Bersamaan dengan pemangkasan TKD, alokasi untuk program nasional yang dikendalikan langsung oleh pusat justru meningkat — dari Rp900 triliun menjadi Rp1.300 triliun.
“Tujuannya bukan memangkas pembangunan, melainkan memastikan setiap rupiah memberi manfaat nyata,” tegas Purbaya.
Kenapa Gubernur Menolak?
Namun, bagi para kepala daerah, langkah Kemenkeu dianggap sebagai pukulan telak terhadap otonomi dan keseimbangan pembangunan.
Dalam pertemuan di Kantor Kemenkeu, Jakarta (7/10), yang diinisiasi Asosiasi Pemerintah Provinsi Seluruh Indonesia (APPSI), 18 gubernur hadir langsung untuk menyampaikan penolakan.
Gubernur Maluku Utara Sherly Tjoanda menyebut pemotongan hingga 30 persen di tingkat provinsi — bahkan 60–70 persen di beberapa kabupaten seperti di Jawa Tengah — akan melumpuhkan banyak program prioritas.

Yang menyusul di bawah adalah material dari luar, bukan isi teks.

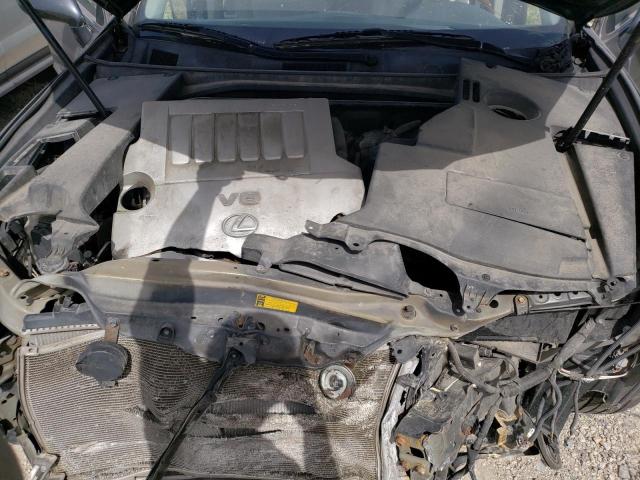 Photo 7 from auction – 2008 LEXUS ES 350 with VIN JTHBJ46G382234018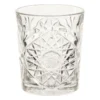 Waterglas icon - transparant - ml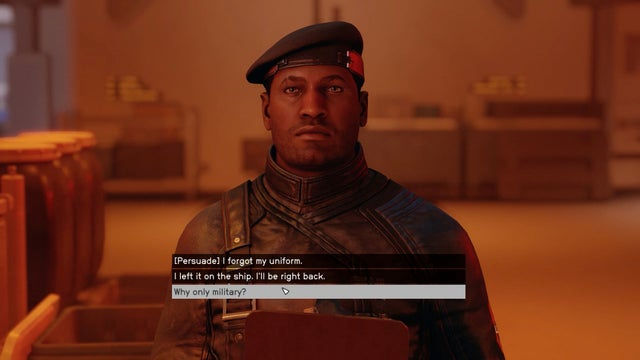 Starfield. Лучшее что есть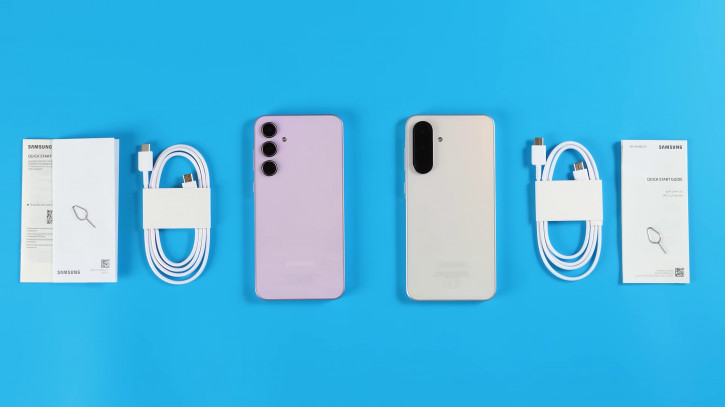 Обзор Samsung Galaxy A36: горшочек, не вари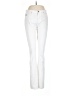 John Galt Ivory Jeans Size 28 waist - photo 1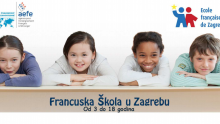 Francuska škola u Zagrebu otvara svoja vrata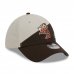 Cleveland Browns - Historic 2023 Sideline 39Thirty NFL Hat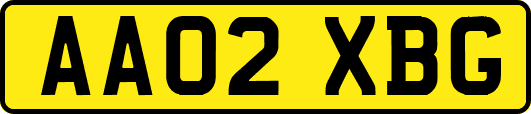 AA02XBG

“Semuanya tidak setuju, karena beban PPPK sangat besar dan janji pembangunan jalan serta jembatan juga besar. Ruang fiskal daerah jadi sangat sempit,” ujarnya.

Sementara Gubernur Aceh Muzakir Manaf menilai kebijakan itu berpotensi memperlebar ketimpangan pembangunan antarwilayah. Ia meminta agar pemerintah pusat mengevaluasi kembali kebijakan tersebut demi menjaga keadilan fiskal.
“Kalau beban daerah besar sementara TKD dipotong, kami tidak bisa bergerak. Ini soal keseimbangan pembangunan nasional,” tegasnya.
Di Tengah Penolakan, Ada Dukungan dari DKI Jakarta
Meski sebagian besar daerah menolak, Pemprov DKI Jakarta menjadi pengecualian. Gubernur Pramono Anung menyatakan dukungannya terhadap kebijakan penyesuaian Dana Bagi Hasil (DBH), yang oleh Menkeu dinilai sebagai contoh “kedewasaan fiskal” di tengah tekanan ekonomi nasional.
“Kami berterima kasih kepada Pak Gubernur ketika dana bagi hasil kami sesuaikan. Ini menunjukkan dukungan dan pemahaman terhadap situasi keuangan negara,” kata Purbaya.
Risiko bagi Daerah Ber-PAD Rendah
Pengamat ekonomi publik dari Universitas Gadjah Mada mengingatkan bahwa pemotongan TKD hingga 24,7 persen bisa berdampak besar bagi daerah dengan Pendapatan Asli Daerah (PAD) rendah. Daerah semacam itu sangat bergantung pada dana transfer pusat untuk membiayai gaji aparatur, layanan dasar, dan infrastruktur publik.
Kondisi ini menciptakan dilema: di satu sisi, pemerintah pusat menuntut efisiensi, tapi di sisi lain, daerah menjerit karena kekurangan ruang fiskal.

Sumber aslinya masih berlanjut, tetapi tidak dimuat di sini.